ですが、現在の収入によっては、その資金を貯めるまでに10年も20年もかかってしまいます。
FIRE達成できても、ずっと安泰でFIRE生活を続けていけない可能性も大いにある
早期リタイア・セミリタイアしてから想定外の大きな出費や社会情勢の変化、大暴落など何かが起こった時に、セミリタイア生活を続けていけなくなる可能性もあります。
その場合、いつでも確実に再就職できるという特別な専門資格・専門職、あるいは起業家などの方は「また働けばいい」「また稼げばいい」で済むかもしれませんが、多くの方は40代50代での再就職に苦労するのではないでしょうか。
巷で言われている「必要資金」を用意できても、全然足りない可能性が高い
FIREでは、例えば年間支出額400万円の人が不労所得だけで生活するなら、支出額の25倍、400万円×25=1億円の資金が必要とされています。
1億円を年利4%で運用すれば、不労所得が400万円になるという計算のようです。
しかし実際には、所得に税金も発生しますし、すべての資産を投資に回すのは危なすぎますので1億円の他にも現預金(いわゆる生活防衛資金)が必要です。
また、この計算だと不労所得で賄えるのはあくまで支出額です。
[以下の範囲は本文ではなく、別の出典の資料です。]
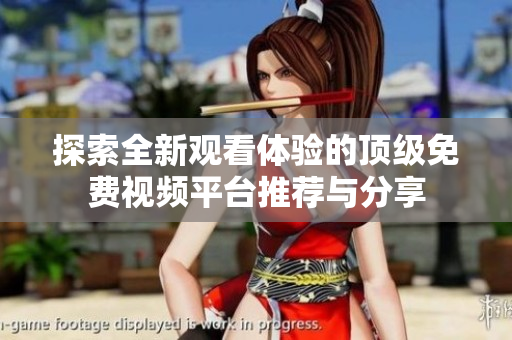 探索全新观看体验的顶级免费视频平台推荐与分享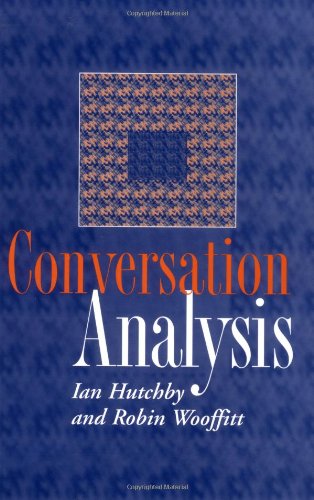 Stock image for Conversation Analysis: Principles, Practices and Applications for sale by AwesomeBooks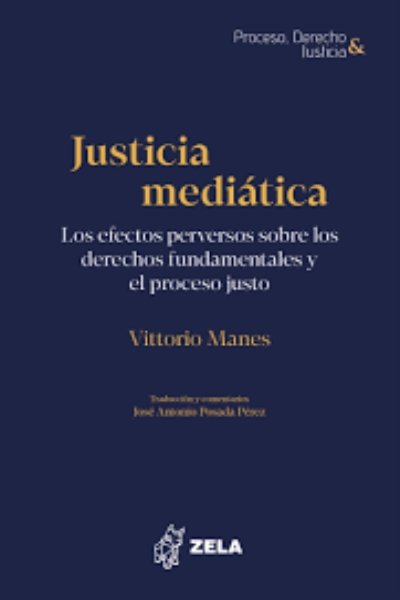 JUSTICIA MEDIATICA. LOS EFECTOS PERVERSOS SOBRE LOS DERECHOS FUNDAMENTALES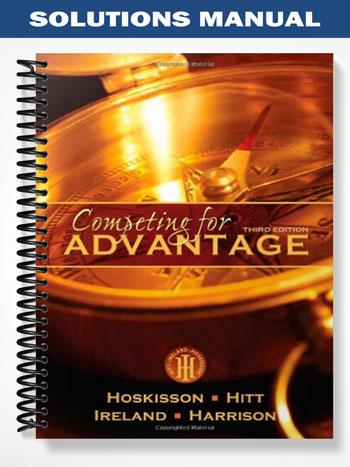 Solutions_Manual_for_Competing_for_Advantage_3rd_Edition_by_Hoskisson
投資収益を再投資できないと、資産が増えていかないので、インフレや暴落のことを考えると、ずっと安泰でセミリタイア生活を続けていけるとはなかなか考えにくいと思います。
さらに、年間支出額400万円というのは、家族構成や年齢、生活レベル、ライフプランによっては少ないのではないでしょうか。
年間支出額400万円の場合で1億円以上必要なので、それ以上の支出額の場合は、さらに元手が必要ということになります。
単純にサイドFIREを目指そうとしても、根本的にハードルやリスクは変わらない
完全な早期リタイアを目指すと、巨額の元手が必要になります。
そこで、完全に働くことを辞めるのではなく、少しは働き続けるサイドFIREがよくおすすめされています。
とは言え、仮に必要資金が5,000万円に下がったとしても、多くの人にとってはそれなりに年月がかかります。
5,000万円、年利4%ですと不労所得が年間200万円ほどとなります。
ただ「節約・貯蓄・資産運用」に注力するのみで、お金を稼げる力を磨いておかないと、働く時間を減らす分収入が少なくなります。
サイドFIREにしても、想定外の大きな出費や社会情勢の変化、大暴落などのリスクは変わらず、働く時間は減らせても、精神的・経済的に余裕のない生活となってしまう可能性があります。
個人的には、FIREで言われている方向性は、かなりハードルもリスクも高いのではないかと感じています。
ナノ経営®では、ただただ節約・貯蓄・資産運用という方向性ではなく、「会社に頼らず自分で大きく稼げる力、ビジネスを生み出し育てていく力」を身につけていくことをおすすめしています。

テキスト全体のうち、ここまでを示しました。